Analytical Seminar

03/03/2017 - 1:00pm to 2:00pm
Speaker(s) / Presenter(s): 
Sohel Rana

Single Particle Inductively Coupled Plasma Mass Spectrometry (sp-ICPMS) for Nanoanalysis
Nanomaterials have become one of the most thriving areas for research and development in the academia and industry, proven by the exponential rise of number of research articles published over the last decades. It’s been used in a wide array of fields such as energy, environment, automobile, medicine, personal care, etc., owing to its special physico-chemical properties due to small size. But the increase of applications of nanomaterials also gave rise to a new health and environmental hazard, which is nanotoxicity. Nanomaterials have been linked to the generation of reactive oxygen species (ROS) in plants, which is responsible for the damage of cell membrane, disruption of ATP production and DNA replication. It’s been also linked to the lung inflammation in rats. Given the scenario, the demand for new instrumental methods for the identification and quantification of nanomaterials in air, water, soil, and biological matrices is in rise.

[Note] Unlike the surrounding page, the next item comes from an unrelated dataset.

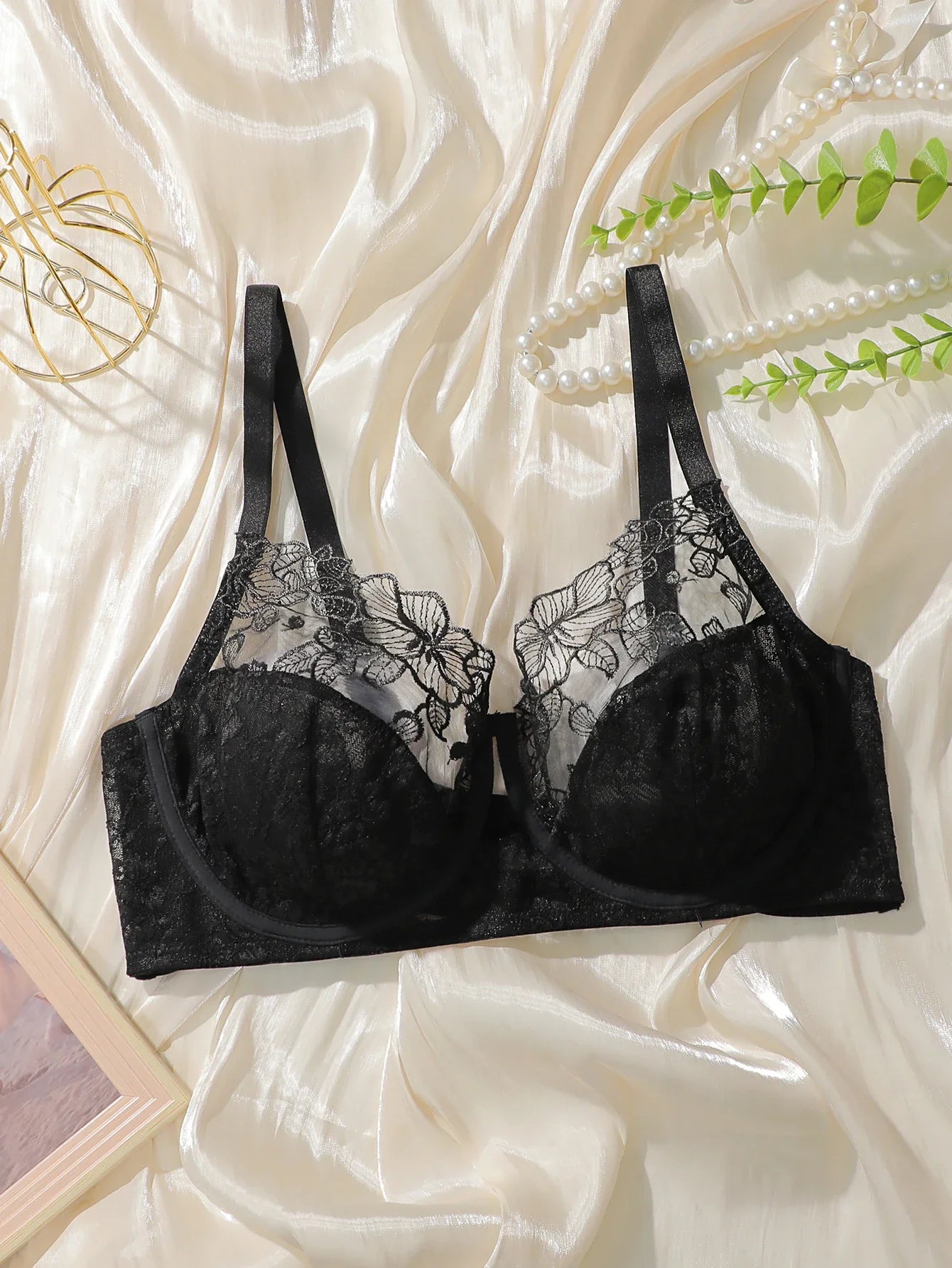 Women's embroidered lace plus size bra with steel ring gathering push up underwear suitable for full figured women MR2679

Single Particle Inductively Coupled Plasma Mass Spectrometry (sp-ICPMS) has become a promising tool for the identification and quantification of nanomaterials in practically all types of sample matrixes. It removes the lack of chemical selectivity of other competitive methods such as transmission electron microscopy (TEM), Dynamic light scattering (DLS) and inability to analyze samples in environmental and biologically relevant conditions. Despite being able to analyze nanoparticles in a one-by-one (single particle) manner, it suffers from some key limitations such as large ample consumption, low transport efficiency (9-10%), particles embedded in slid matrices, etc. Substrate assisted laser desorption (SALD) has been used with sp-ICPMS as sample introduction method instead of nebulizer to overcome these limitations. A frequency-quintupled Nd:YAG laser (213 nm) was used for laser ablation. Conditions such as laser fluence, laser beam scan rate and carrier gas flow rate were optimized using commercially available gold nanoparticles (AuNPs) of 56 nm and 86 nm. A transport efficiency of 61% was achieved for 56 nm AuNPs. The results were compared with the established method nebulizer sp-ICPMS. Use of SALD sp-ICPMS has enabled to reduce sample consumption, increase transport efficiency and better sensitivity.